身に突き刺さるような風がとめどなく吹いてくる。
「風が体を包む……その冷たさが、冬を奏でているような気がした……か」
冬だよね。
温めてくれるような彼もいないし、この季節は堪えるかも。
かじかむ両手を口元にあて、温かい息を吹き掛けた。
広がっていく白い息が目の前を遮る。
そして拡散していく白い息の中から、一人の人影が見えた。
「あっ。

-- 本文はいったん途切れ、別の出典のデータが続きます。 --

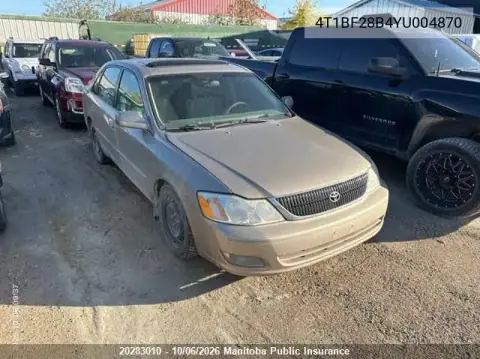 4T1BF28B4YU004870 — 2000 Toyota Avalon, Сзади, фото до ремонта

霧島彬、さん」
「ん? あっ、今朝の!」
私は軽く会釈する。
「大丈夫? 風邪引いてない?」
「はい、ありがとうございます」
この寒空の中、一人夜空を見上げて立っていた今回のCMで起用される彼。
私のことを覚えてくれていたみたいで、爽やかな笑顔を振りまき近づいてきた。
そして、目の前まで来ると突然クスクスと笑い始め、視線を向けてきた。
「ってか俺の名前知ってたんだ」
……あっ!
そう言えば、今朝、「新人、か。なら」ってちょっと失礼な発言しちゃったかも。
「あの……」
「あ〜っ、何も気にしないで。確かにまだ無名の新人だからね?」
私が謝るより先に、彼が笑いながら言葉を放ち肩を叩いた。
ちゃんと人のこと見てくれていて優しい人だな。
冷えきった体なのに、彼が触れた部分だけほんわかとした温もりを感じた。